Los marineros corrieron hacia la barandilla para contemplar horrorizados el fenómeno.

Inexorablemente, la enorme masa de agua alcanzó el indefenso barco de Mabin, que se transformó de súbito en un bote infinitamente pequeño, y lo englutió en su agitado conducto. Los tarugos y pedazos de su cuaderna salieron despedidos de la descomunal tromba y, tras alcanzar una altura de cientos de metros, volvieron a la superficie con desmayada lentitud. Un desnudo retazo de vela se posó sobre el agua como una blanca ave abatida.

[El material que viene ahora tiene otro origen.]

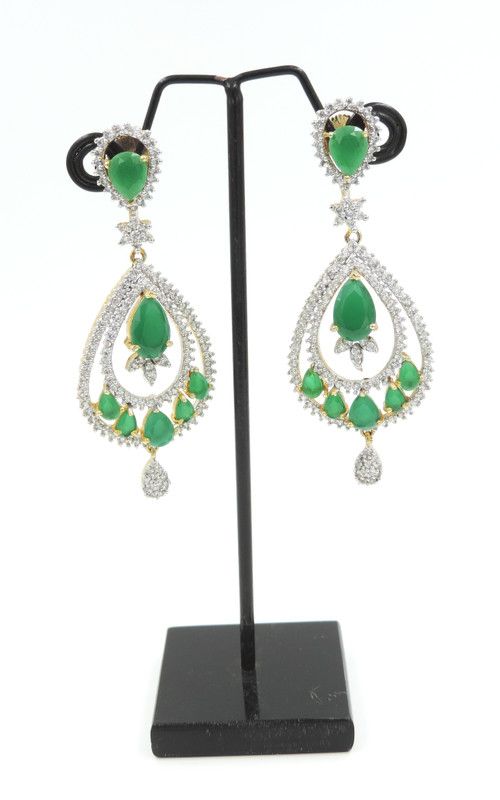 Luxurious, Premium Quality American Diamond Rhodium Polished, Tradional Elegant Design Drop Earrings Alloy Drops & Danglers
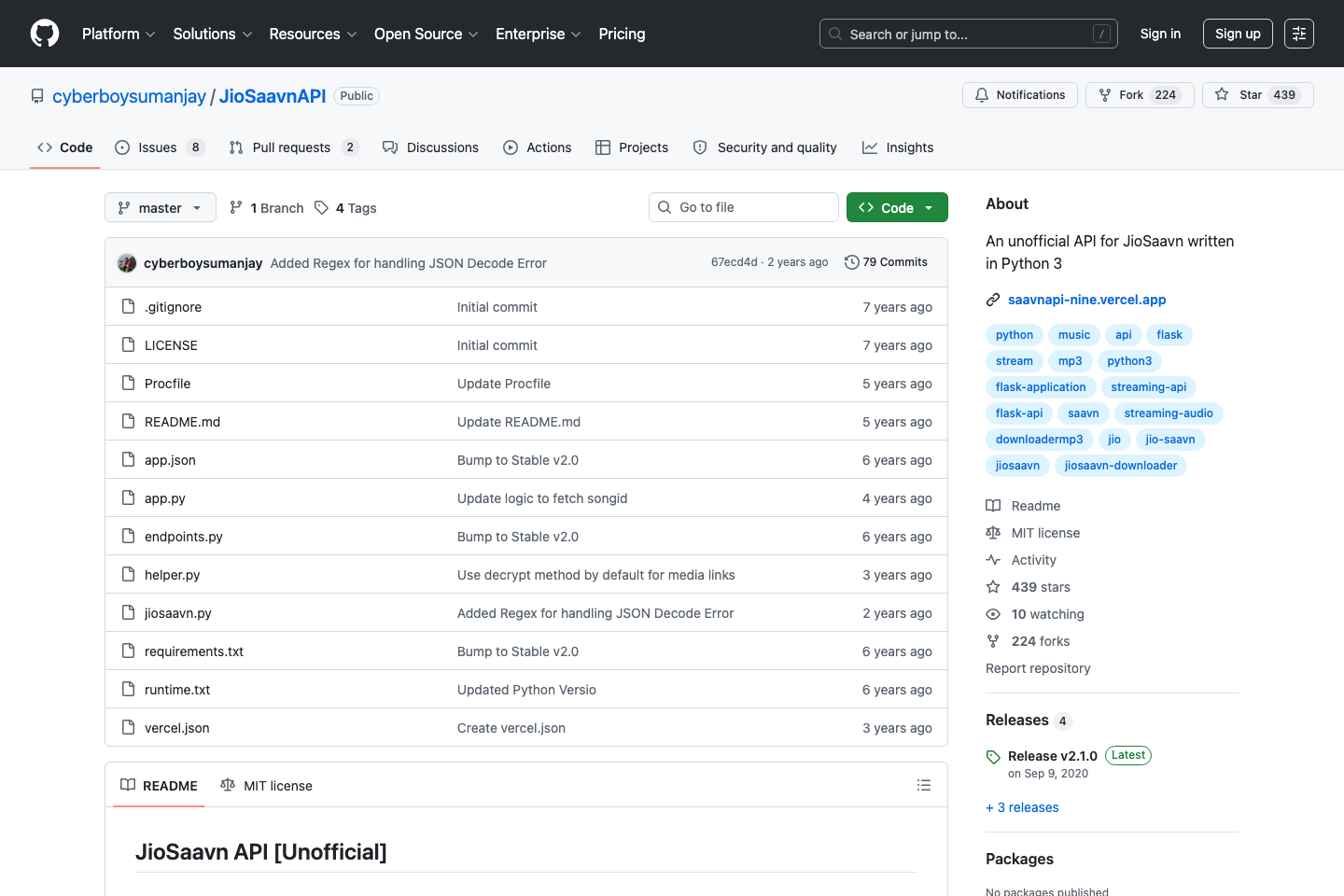 JioSaavn documentation page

A continuación, tan repentinamente como había aparecido, la negra nube y la tromba marina se desvanecieron.

También se había esfumado la embarcación de Mabin.

La superficie del mar se hallaba cubierta de despojos. Al punto una bandada de blancas gaviotas se abalanzó sobre los restos del naufragio, como si acudieran al funeral del navío.

Capítulo 18

El capitán Sorgi inspeccionó las aguas donde flotaban los restos del barco de Mabin hasta después de anochecer, pero no encontró ningún superviviente. Después, desvió tristemente su bajel rumbo sudoeste, hacia Cippria.

—Vayamos abajo —pidió con un suspiro Sephrenia mientras se apartaba de la barandilla.

Sparhawk la siguió hasta las escaleras.

Kurik había encendido una lámpara de aceite que colgaba de una viga del techo; su resplandor llenaba de sombras danzantes el pequeño y oscuro compartimiento. Flauta se había despertado y permanecía sentada junto a la mesa en el centro de la cabina. Miraba con suspicacia el bol situado frente a ella.

—Sólo es estofado, pequeña —le explicaba Kurik—. No va a hacerte ningún daño.

Introdujo delicadamente los dedos en la espesa salsa y levantó un rezumante pedazo. Lo olisqueó y dirigió una mirada inquisitiva al escudero.

—Cerdo en salazón —señaló éste.

Con un estremecimiento, la niña volvió a depositar la carne en la salsa y luego empujó resueltamente la escudilla.

—Los estirios no comen cerdo, Kurik —le informó Sephrenia.

—El cocinero del barco ha indicado que es la comida de los marineros —contestó Kurik, a la defensiva. Entonces miró a Sparhawk—. ¿Se ha encontrado algún superviviente del otro barco?

—Aquella tromba lo ha despedazado por completo —respondió Sparhawk mientras sacudía la cabeza—. Lo mismo debe de haberle ocurrido a la tripulación.

—Por fortuna, cambiamos de embarcación.

—En efecto —acordó Sephrenia—. Las trombas marinas son como tornados. No aparecen en cielos completamente despejados, ni se mueven en dirección contraria al viento, y mucho menos cambian de rumbo como lo hacía ésta. Estaba dirigida conscientemente.

—¿Magia? —inquirió Kurik—. ¿De veras es posible invocar un fenómeno meteorológico de tal envergadura?